#  > LICHT FORA >  > LICHT FORUM - FOTO'S >  >  Within Temptation

## raijin

Omdat Axs vond dat ik ze hier moest zetten  :Wink: 

Showdatum: 27 november 2004
Locatie: Broerekerk te Zwolle
Ikke: bedenker van wie wat hoe en waar met betrekking to dit lichtfeestje en knopjesdrukker. In het kort met de sjieke woorden: designer en operater

voorbereiding:
 



show:









en toen was t weer afgelopen:


zooi:
4x sixbar
3x aclset
17x mac 300
12x mac 500
10x mac 600
2x citycolor
7x atomic
8x 4 lite blinder
2x 2KW
8x profielspot
en dit alles op een echelon
Met dank aan Purple.

----------


## Ideedeluxe

Ziet er netjes uit!! Je hebt mooi gebruikgemaakt van het "decor" dat al aanwezig was in de kerk. (Beelden en orgel) Daardoor krijgt de band net dat beetje meer uitstraling, die goed past bij hun imago. Erg goed !!

John

----------


## beyma

Ja mooi uitgelicht dat "gratis decor" ,alleen jammer dat er door die mega speaker clusters toch best wel een hoop weg valt!!
Zijn die dingen nou echt zo groot,of was de zaal gewoon te smal ? :Big Grin:

----------


## DJ.T

Die beelden zijn decorstukken van WT hoor, zijn niet van de kerk neem ik aan.
WT heeft nogal de neiging om een extreem mooi decor mee te nemen, erg netjes gedaan  :Wink:

----------


## daantje

zo hoor cker wel mooi gedaan!!   vooral foto 2 is gruwelijk mooi. echt heel mooi gedaan
jammer van die "line array"
grtz daniel

----------


## dokter dB

hee jolijn, ziet er goed uit! je weet toch :Wink:

----------


## Lazy

akoestiek???

----------


## rinus bakker

Hallo Jolijn,

HEEL FRAAAI!!! DIKKE COMPLIMENTEN!

(Jammer dat het zulke kleine foto's zijn, 
maar ik vrees dat ik ze toch 'pikbaar' beschouw om eventueel in mijn cursusmateriaal met productie-/lokatie voorbeelden op te nemen. 

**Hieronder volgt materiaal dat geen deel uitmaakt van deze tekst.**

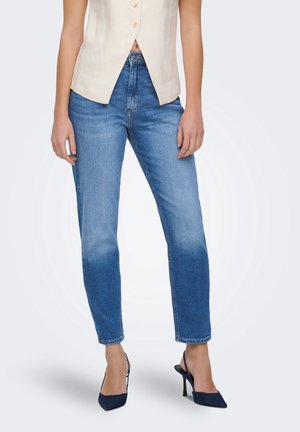 Femme portant un jean en denim bleu, un top beige sans manches boutonné et des chaussures à talons hauts à bride arrière foncées, debout sur fond blanc.
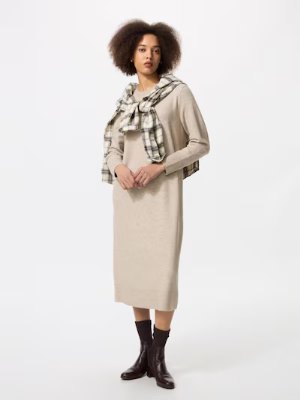 Model wearing a beige acrylic women's dress standing against a white background.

(een kerk lijkt me trouwens voor de geluidsmensen trouwens een regelrechte hel!)

----------


## dokter dB

> citaat:_Geplaatst door rinus bakker_
> (een kerk lijkt me trouwens voor de geluidsmensen trouwens een regelrechte hel!)



een hel in een kerk hmmm[8D]

----------


## Harmen

wou inderdaad ook even reageren op de weer ozo subtiele opmerking van onze gewaardeerde collega  :Wink: 

maare even on-topic:
1 woord: fantastisch!
kleurencombi's erg strak, positionering ziet er gewoon erg goed uit, goed gebruik gemaakt van aanwezige mogelijkheden:
keep up the good work!

----------


## raijin

> citaatie beelden zijn decorstukken van WT hoor, zijn niet van de kerk neem ik aan



De buitenste twee engelen zijn van WT





> citaatJammer dat het zulke kleine foto's zijn, 
> maar ik vrees dat ik ze toch 'pikbaar' beschouw om eventueel in mijn cursusmateriaal met productie-/lokatie voorbeelden op te nemen.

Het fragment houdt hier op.